A Nim wrapper for Heng Li's kseq/readfq, an efficient and fast parser for FastQ and Fasta files. nimreadfq supports reading of FastQ and Fasta files from stdin (use "-"), gzipped or flat files and is very fast (see benchmark below).
The main function is readFQ()
, an iterator that yields FQRecord(s)
. An alternative is readFQPtr()
, which returns FQRecordPtr(s)
. The difference is that the latter uses ptr char
instead of strings and is thus potentially faster but memory is reused during iterations.
See example.nim
and tests/tester.nim
for code examples.
The initial Nim integration (and hard work) was done by Haibao Tang as part of his bio-pipeline repo. Haibao generously granted full rights to his code base, after which I started this separate package called nimreadfq for integration into nimble.
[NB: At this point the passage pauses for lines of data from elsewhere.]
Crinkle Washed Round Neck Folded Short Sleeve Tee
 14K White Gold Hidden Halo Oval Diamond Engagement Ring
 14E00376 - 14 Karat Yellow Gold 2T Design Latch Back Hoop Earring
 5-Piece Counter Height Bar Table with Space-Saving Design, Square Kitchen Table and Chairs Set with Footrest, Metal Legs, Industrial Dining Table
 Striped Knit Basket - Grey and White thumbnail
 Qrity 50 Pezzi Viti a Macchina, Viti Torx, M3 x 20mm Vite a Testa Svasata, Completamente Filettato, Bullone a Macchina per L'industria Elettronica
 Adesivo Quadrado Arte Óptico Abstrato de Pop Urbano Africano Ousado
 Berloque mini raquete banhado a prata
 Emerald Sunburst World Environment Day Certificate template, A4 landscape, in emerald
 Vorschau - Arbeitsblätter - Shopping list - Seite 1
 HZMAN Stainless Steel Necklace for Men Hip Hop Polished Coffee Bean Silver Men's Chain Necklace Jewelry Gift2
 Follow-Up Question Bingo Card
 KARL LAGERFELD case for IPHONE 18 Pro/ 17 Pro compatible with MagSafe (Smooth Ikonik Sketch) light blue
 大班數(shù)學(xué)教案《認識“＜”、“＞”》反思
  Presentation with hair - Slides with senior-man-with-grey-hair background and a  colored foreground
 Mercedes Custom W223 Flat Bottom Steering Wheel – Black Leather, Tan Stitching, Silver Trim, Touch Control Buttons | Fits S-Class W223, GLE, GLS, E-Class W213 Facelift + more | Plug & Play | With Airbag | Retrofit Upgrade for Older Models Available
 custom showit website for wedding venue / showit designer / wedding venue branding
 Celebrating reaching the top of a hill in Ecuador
nimreadfq is almost an order of magnitude faster than packages with similar functionality.
Below are timing for reading 500k sequences on a Surface Book 2 running WSL2 (first 500k sequences from SRR8616947_1):
Gzipped FastQ:
- readfq gz: 1.490s
- bioseq gz: 18.731s
Flat file FastQ:
- readfq: 1.250s
- bioseq: 8.898s
- fastx: 6.486s
How to reproduce results:
cd ./benchmark
nimble build
./benchmark